Carrie Nahabedian: I was always taught to ”stay true to your school.“ No matter what kind of cuisine you make, it is important to understand and honor the tradition of that cuisine. If you take any shortcuts or make extreme deviations, the food just isn't as good. But more importantly, I would tell young chefs to act like a big sponge and get as much experience as you can — the chef is going to get everything they can out of you, so you should take the opportunity to get everything you can from them.
FE&S: Let’s talk food. What is your quintessential summertime dish?
Carrie Nahabedian: Fried chicken, cole slaw, corn on the cob. Pulled pork with sweet barbecue sauce, grilled shish kebab with onions and peppers on pita. At Naha, I love serving crisp soft shell crabs with a salad of sweet corn, slab bacon, basil, summer tomatoes and radishes.
FE&S: What is your quintessential food and wine pairing?
Carrie Nahabedian: Champagne and oysters or white burgundy French wine with a nice buttery brioche-crusted halibut alongside fois gras and sauternes!
FE&S: If you were to pick a favorite cookbook by another chef, what would you pick?
Carrie Nahabedian: I like the way David Chang wrote his book, especially the chapter on making it happen and putting everything on the line for your restaurant. I have a very serious cookbook collection and well over half are autographed. Also, I have a big collection of older cookbooks from earlier in the 20th century.
FE&S: Do you have a favorite food-related movie?
Carrie Nahabedian: Babette's Feast — I love the excessiveness of it all. The banquet scene in The Girl with the Pearl Earring is pretty impressive as well.
FE&S: When you are feeling in a cooking rut, what inspires you?

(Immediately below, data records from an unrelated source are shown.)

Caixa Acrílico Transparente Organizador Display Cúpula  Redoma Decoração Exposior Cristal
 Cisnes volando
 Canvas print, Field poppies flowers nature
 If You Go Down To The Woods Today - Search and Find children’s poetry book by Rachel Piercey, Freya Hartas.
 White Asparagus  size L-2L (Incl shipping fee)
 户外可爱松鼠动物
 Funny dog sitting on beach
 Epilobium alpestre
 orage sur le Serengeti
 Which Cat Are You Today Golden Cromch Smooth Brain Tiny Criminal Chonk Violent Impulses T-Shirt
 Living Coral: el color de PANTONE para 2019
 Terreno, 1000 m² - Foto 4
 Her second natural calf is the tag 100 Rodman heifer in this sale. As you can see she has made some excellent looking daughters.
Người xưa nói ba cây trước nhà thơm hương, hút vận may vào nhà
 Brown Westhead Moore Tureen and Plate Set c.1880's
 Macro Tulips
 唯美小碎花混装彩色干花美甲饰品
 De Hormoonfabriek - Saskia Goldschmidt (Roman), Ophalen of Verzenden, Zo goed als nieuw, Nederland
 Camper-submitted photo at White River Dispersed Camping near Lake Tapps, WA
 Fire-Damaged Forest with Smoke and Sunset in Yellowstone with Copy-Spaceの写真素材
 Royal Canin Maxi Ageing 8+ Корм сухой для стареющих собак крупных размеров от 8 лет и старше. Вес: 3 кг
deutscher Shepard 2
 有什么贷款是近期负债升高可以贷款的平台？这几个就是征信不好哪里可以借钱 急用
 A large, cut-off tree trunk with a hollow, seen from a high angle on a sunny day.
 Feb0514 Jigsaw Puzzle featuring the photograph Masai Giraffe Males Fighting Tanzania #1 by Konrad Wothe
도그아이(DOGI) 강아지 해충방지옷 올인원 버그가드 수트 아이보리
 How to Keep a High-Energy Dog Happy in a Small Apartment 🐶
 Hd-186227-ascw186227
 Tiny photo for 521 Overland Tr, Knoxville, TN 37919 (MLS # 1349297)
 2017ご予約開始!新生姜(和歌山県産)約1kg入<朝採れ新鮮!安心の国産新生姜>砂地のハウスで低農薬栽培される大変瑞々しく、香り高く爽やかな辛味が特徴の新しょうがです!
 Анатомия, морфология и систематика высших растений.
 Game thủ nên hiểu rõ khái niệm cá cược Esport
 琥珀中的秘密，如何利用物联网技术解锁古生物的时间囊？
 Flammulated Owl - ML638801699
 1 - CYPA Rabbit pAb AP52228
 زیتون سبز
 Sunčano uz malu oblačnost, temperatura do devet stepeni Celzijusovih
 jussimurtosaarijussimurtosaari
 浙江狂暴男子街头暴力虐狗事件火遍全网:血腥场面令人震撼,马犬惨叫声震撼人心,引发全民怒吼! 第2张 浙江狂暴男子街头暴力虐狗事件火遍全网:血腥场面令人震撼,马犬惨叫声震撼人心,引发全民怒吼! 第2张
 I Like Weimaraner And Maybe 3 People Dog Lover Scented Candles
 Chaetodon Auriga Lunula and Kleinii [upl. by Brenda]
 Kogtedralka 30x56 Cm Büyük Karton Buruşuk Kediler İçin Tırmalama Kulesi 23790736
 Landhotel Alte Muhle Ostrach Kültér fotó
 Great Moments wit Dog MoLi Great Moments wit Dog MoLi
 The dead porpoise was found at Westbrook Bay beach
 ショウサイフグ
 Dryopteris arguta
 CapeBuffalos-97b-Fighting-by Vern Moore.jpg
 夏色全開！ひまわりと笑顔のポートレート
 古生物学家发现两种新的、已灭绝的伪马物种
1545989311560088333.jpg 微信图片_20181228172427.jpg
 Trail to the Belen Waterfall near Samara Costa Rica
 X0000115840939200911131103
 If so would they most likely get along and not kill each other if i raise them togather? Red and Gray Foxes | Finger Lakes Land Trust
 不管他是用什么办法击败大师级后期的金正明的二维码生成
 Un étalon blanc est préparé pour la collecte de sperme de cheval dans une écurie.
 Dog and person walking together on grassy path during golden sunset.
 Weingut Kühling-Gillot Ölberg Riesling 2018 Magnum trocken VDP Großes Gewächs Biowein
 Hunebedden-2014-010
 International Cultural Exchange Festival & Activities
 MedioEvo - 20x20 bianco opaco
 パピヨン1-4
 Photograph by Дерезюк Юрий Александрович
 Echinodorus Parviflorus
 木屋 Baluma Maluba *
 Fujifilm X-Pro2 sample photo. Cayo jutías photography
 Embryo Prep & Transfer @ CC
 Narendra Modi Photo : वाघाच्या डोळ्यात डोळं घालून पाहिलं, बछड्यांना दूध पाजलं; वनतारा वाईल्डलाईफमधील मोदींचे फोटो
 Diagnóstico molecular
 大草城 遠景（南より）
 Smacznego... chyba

Carrie Nahabedian: Winter can have that effect on people...the drab weather, lack of sun, up and down weather reports. But, cooking is a journey and in a journey sometimes you need a vacation to energize you! My favorite is to do an unexpected massive menu change to shake things up. At Naha, we change the menus a couple times a week already, but sometimes we make changes with little notice...it’s perfect for that time of year.